A firestorm of outrage erupted after the Echo’s Hip-Hop/Urban prize was handed out earlier this month to the rap duo of Kollegah and Farid Bang, who in a song titled “0815” say their bodies are “more defined than Auschwitz prisoners.”
The prize, which is based on sales, had gone to the act after they sold more than 200,000 copies of their album “Young, Brutal and Handsome 3.”
The duo has since apologized, and their record label has put up €100,000 ($125,000) for a campaign to combat antisemitism.
Since the April 12 announcement that the dup had won, several prominent German musicians, including the influential rocker Marius Müller-Westernhagen and well-known classical conductor Daniel Barenboim, have returned awards in protest.
Barenboim released a statement saying the rappers’ lyrics are “clearly antisemitic, misogynist, homophobic and contemptuous of human dignity.”

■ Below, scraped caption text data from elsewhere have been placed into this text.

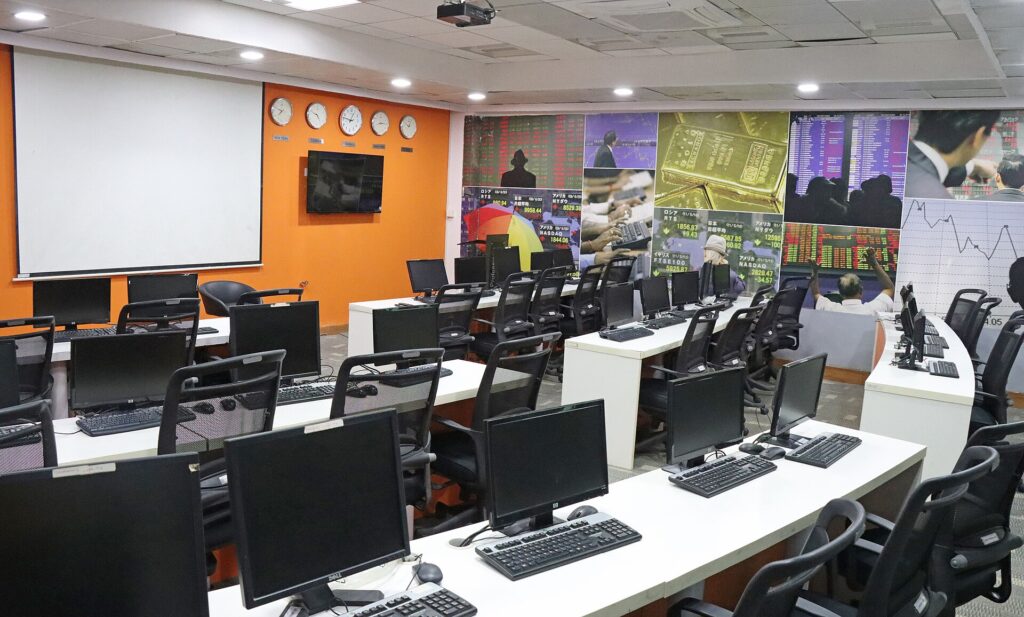 trading desk monitors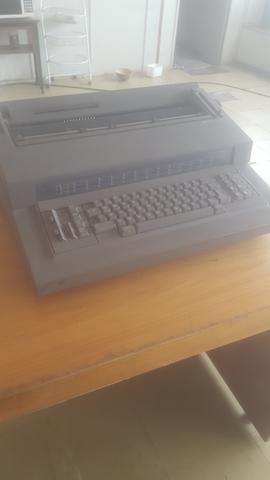 Maquina datilografia eletrica olivetti et 121 - Foto 2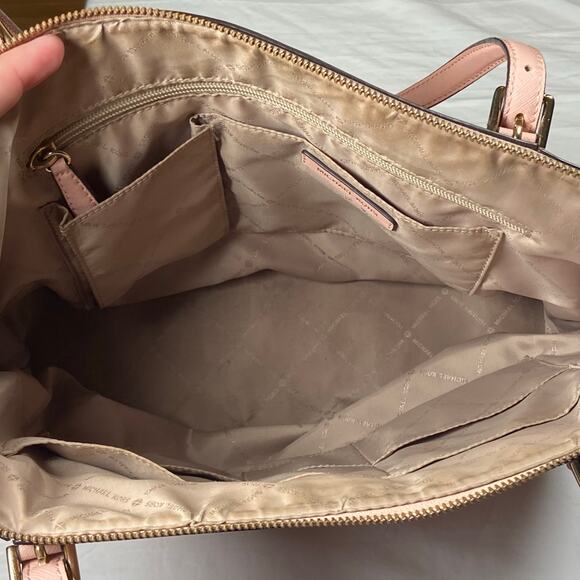 Michael Kors Purse 11" Tall Pink Leather Pockets 12x4.5 - Picture 7 of 8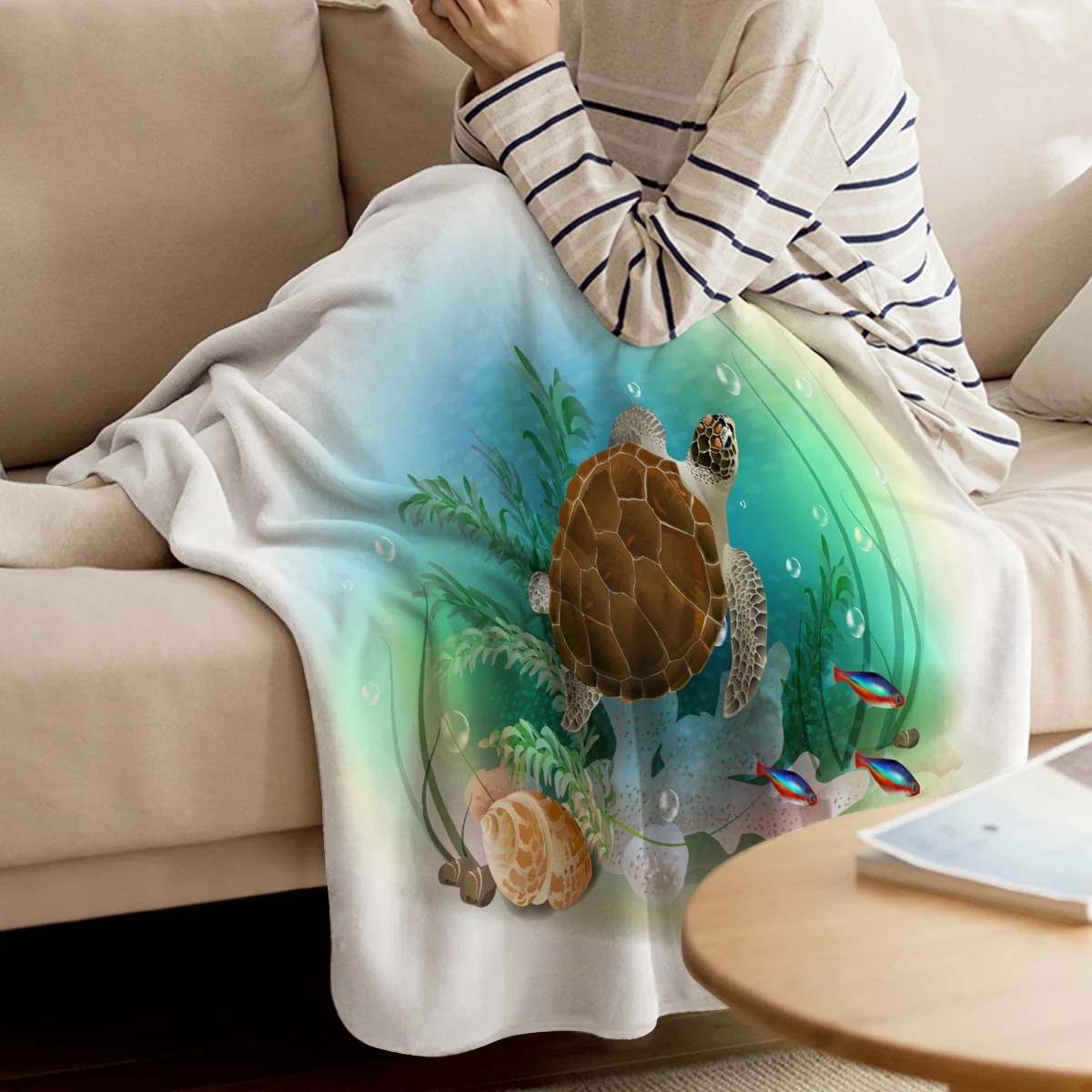 

WARMTOUR Throw Blanket Turtle Swimming In The Ocean Throw Blanket Soft Warm Microfiber Blanket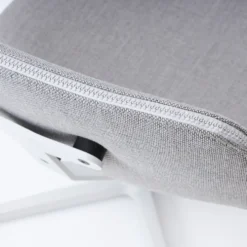 raawii Lounge chair Light grey / Stoffbezug re-wool grey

A number of sponsors have said they will no longer support the event.
Meanwhile, BVMI said that work would begin on rolling out a new prize with a new name, and that workshops to set up the new prize would begin in June.
On Wednesday, people in Germany staged shows of solidarity after the incidents that raised pointed questions about Berlin’s ability to protect its burgeoning Jewish community seven decades after the Holocaust.